TBJ January 2022

2021: The Year in Review

Patent Litigation

Written by Sean N. Hsu

2021 saw a number of developments for practitioners to monitor.

Arthrex and Patent Trial and Appeal Board Constitutionality
Addressing the constitutionality of inter partes review, or IPR, proceedings, the U.S. Supreme Court in U.S. v. Arthrex, Inc., held 5-4 that 35 U.S.C. § 6(c) was unconstitutional to the extent it insulated administrative patent judge, or APJ, decisions from review by a principal officer.1 However, seven justices agreed with the narrower, tailored remedy of permitting director review of any APJ decisions to cure the issue.

PTAB Discretionary Denials
2021 continued to see an increased number of discretionary denials of petitions by the PTAB based on the anticipated pace of co-pending litigation. In Mylan v. Janssen, the Federal Circuit declined to change this framework in a precedential order, holding it lacked jurisdiction to review the PTAB’s decision and the extraordinary remedy of mandamus was not warranted.2 The case is now pending on appeal before the U.S. Supreme Court.3

Venue and the Western District of Texas
The Waco division of the U.S. District Court for the Western District of Texas remains the subject of much attention and continues to be an active patent venue with over 20% of all patent cases filed in 2021, outpacing the District of Delaware. The Federal Circuit continued to issue more mandamus opinions this year, reversing some of the Western District court’s denials of transfer motions,4 while leaving others alone.5 The Western District court has also issued a standing order specifying the court’s procedures for expeditiously handling venue change requests.6

Texas Patent Trials During COVID-19
Texas federal courts worked hard to keep patent cases and trials moving despite COVID-19. As of mid-November 2021, the U.S. District Court for the Eastern District of Texas leads the country in the number of patent trials with 12 in 2021. The Western District of Texas is next with nine.

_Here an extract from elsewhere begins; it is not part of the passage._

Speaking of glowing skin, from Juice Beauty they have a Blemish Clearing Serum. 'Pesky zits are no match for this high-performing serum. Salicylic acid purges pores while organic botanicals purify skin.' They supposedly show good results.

Chief Judge Rodney Gilstrap, of the Eastern District of Texas, held 10 trials—with an average time from filing to trial of 29 months and a 5-5 split on verdicts, defense v. plaintiff. The most recent result was a defense verdict of non-infringement and patent ineligibility in Infernal Tech. v. Sony.7 Plaintiff verdicts in 2021 totaled over $750 million through November.

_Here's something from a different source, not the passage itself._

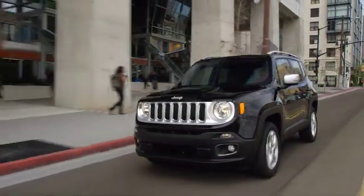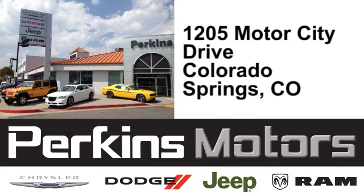The friendly professionals at Perkins Motors are proud to serve the surrounding communities of Denver, Littleton, and Pueblo, Colorado. We're conveniently located at 1205 Motor City Drive in Colorado Springs, Colorado.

Judge Alan Albright, of the Western District of Texas, held eight trials—with an average time from filing to trial of 23 months and a 4-4 split on verdicts, defense v. plaintiff. The most recent result was a $29.5 million verdict in Videoshare v. Google.8 Plaintiff verdicts in 2021 totaled over $2.2 billion through November, with the bulk being the $2.175 billion verdict in VLSI v. Intel.9

Subject Matter Eligibility
Patent eligibility remains a contentious issue, including whether the eligibility framework has been over-extended. In American Axle v. Neapco, a petition is pending before the U.S. Supreme Court on whether 35 U.S.C. § 101 should apply to historically patent-eligible subject matter, such as industrial manufacturing processes.10 Notably, the court invited a brief from the acting solicitor general for the U.S. government, and previously, the Federal Circuit split 6-6 on whether to grant rehearing en banc.11

On October 15, 2021, the U.S. Patent and Trademark Office also completed its public comment period on patent eligibility, as it prepares to report to Congress the effect that jurisprudence may have on U.S. innovation in important technical fields. The public comments provided contrasting viewpoints from across the computer and biotechnology industries.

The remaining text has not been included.